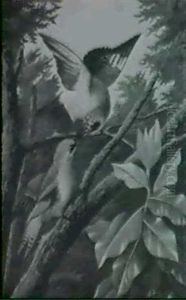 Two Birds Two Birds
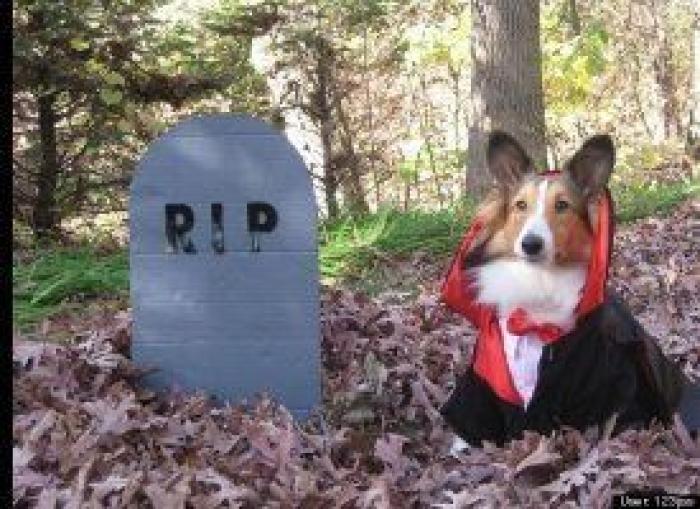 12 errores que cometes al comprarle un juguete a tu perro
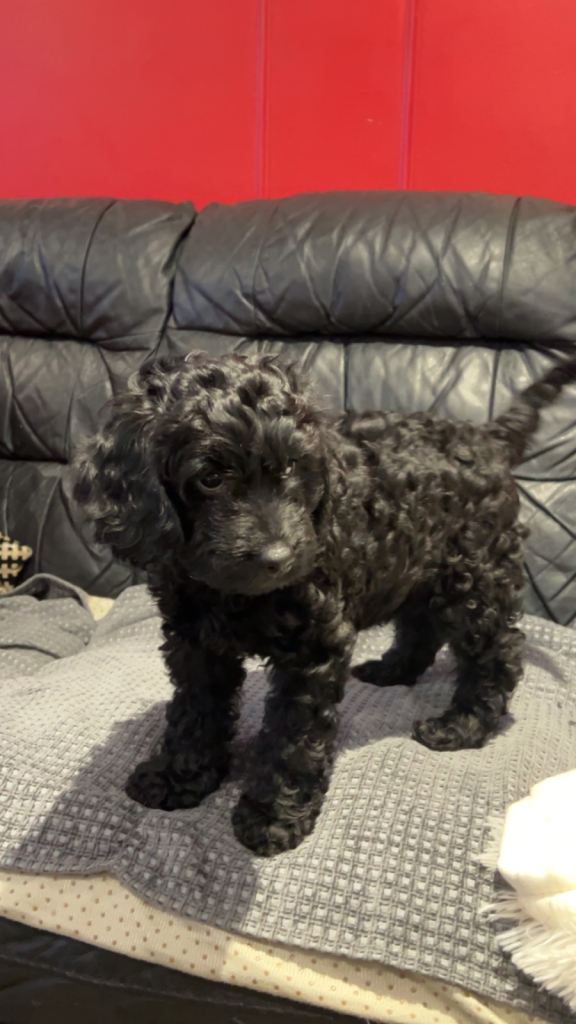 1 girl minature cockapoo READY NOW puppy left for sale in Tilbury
* * *
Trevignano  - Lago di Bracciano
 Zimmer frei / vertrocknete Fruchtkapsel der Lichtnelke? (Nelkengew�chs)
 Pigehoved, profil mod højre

■ **WHAT TO PRODUCE**:
Every line above from the line with "Lago di Bracciano" to the line with "Pigehoved, profil mod højre" is wanted, ends included; write them out exactly and add no other line.

■ **WORKED SOLUTION**:
Trevignano  - Lago di Bracciano
 Zimmer frei / vertrocknete Fruchtkapsel der Lichtnelke? (Nelkengew�chs)
 Pigehoved, profil mod højre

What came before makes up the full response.